WHAT IS NEEDED:
Restate word for word the section of the entries that opens at the line containing "We also have" and closes at the line containing "Now we'll discuss", both lines kept, pictures dropped.

RECORDED INFORMATION:

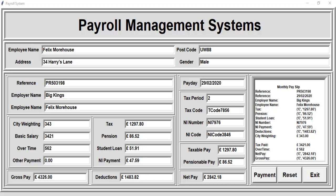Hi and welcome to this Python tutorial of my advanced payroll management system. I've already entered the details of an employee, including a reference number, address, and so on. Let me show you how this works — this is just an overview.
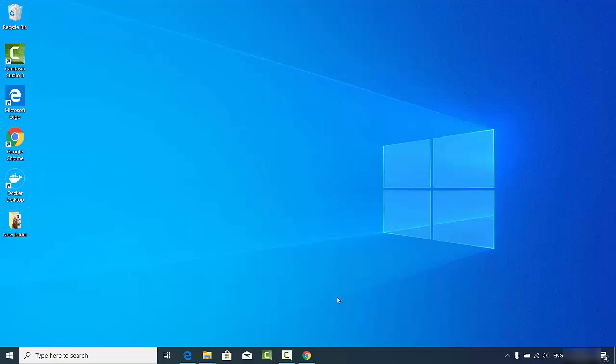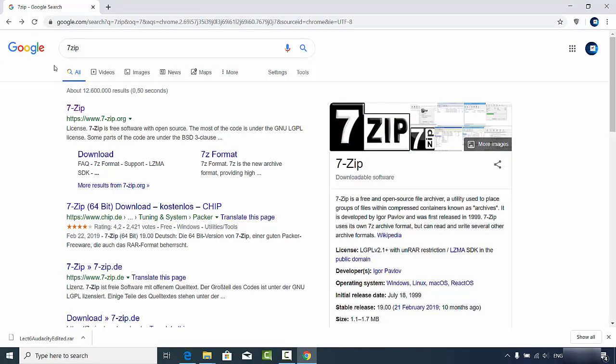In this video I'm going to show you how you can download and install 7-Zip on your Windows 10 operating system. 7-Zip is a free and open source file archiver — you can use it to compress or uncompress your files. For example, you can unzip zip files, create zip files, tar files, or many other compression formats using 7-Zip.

==

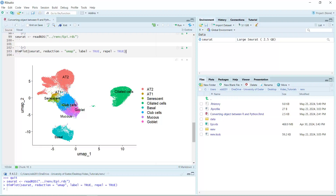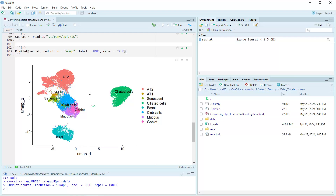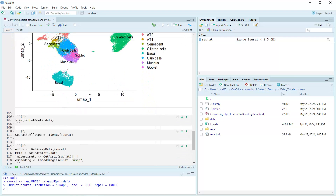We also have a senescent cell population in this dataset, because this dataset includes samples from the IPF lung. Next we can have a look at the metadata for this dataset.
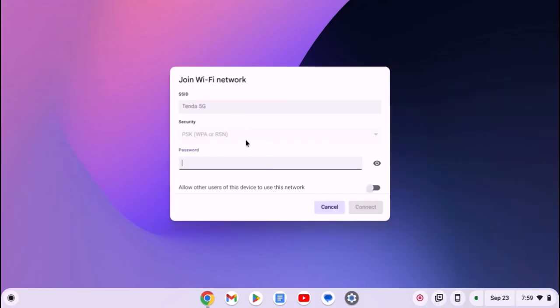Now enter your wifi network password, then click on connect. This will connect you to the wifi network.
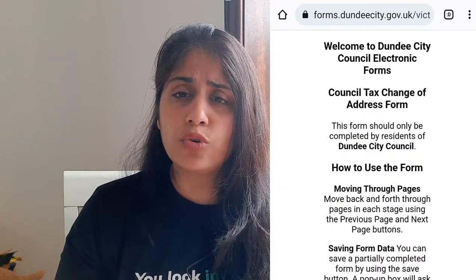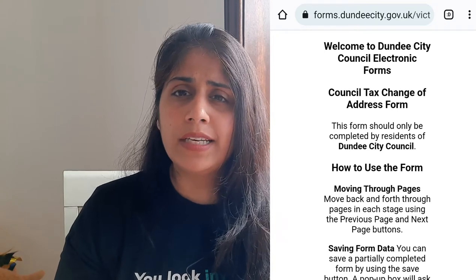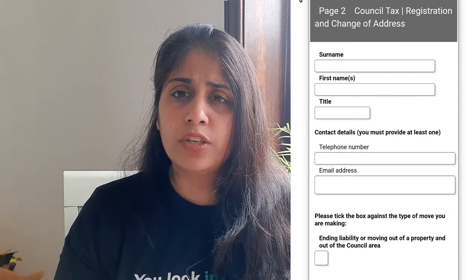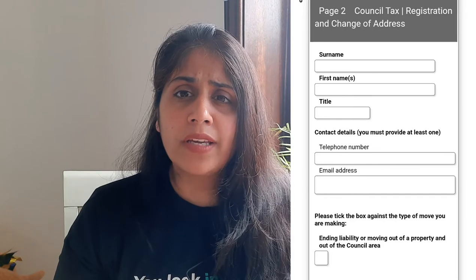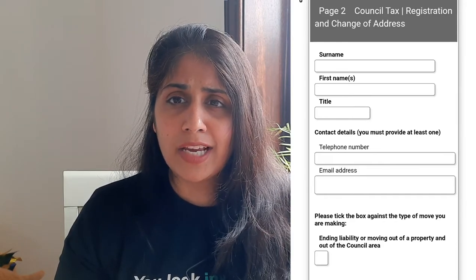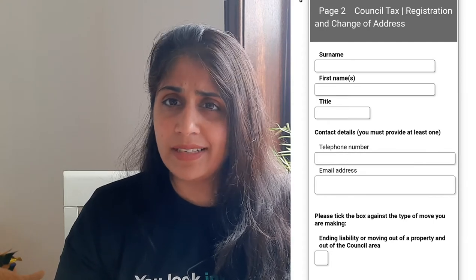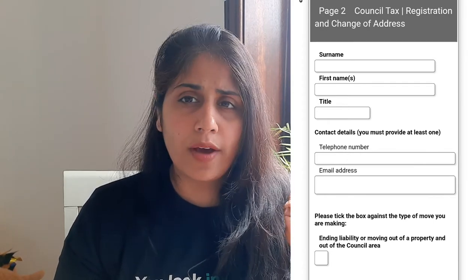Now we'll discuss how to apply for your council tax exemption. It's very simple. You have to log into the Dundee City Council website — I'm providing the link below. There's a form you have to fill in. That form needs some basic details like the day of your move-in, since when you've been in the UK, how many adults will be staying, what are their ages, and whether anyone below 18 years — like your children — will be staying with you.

==

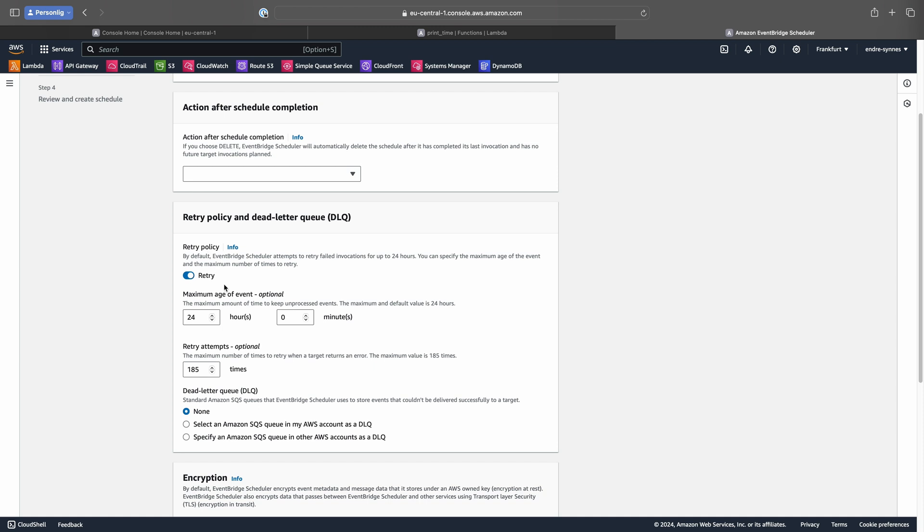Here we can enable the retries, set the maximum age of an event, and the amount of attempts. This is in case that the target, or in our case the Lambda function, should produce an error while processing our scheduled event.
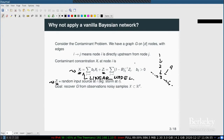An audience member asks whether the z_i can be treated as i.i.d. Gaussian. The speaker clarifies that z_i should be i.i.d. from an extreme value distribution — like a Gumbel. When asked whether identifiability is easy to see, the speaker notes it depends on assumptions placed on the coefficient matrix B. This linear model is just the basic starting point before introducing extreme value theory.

WRITTEN RESPONSE:
We also have a senescent cell population in this dataset, because this dataset includes samples from the IPF lung. Next we can have a look at the metadata for this dataset.
Now enter your wifi network password, then click on connect. This will connect you to the wifi network.
Now we'll discuss how to apply for your council tax exemption. It's very simple. You have to log into the Dundee City Council website — I'm providing the link below. There's a form you have to fill in. That form needs some basic details like the day of your move-in, since when you've been in the UK, how many adults will be staying, what are their ages, and whether anyone below 18 years — like your children — will be staying with you.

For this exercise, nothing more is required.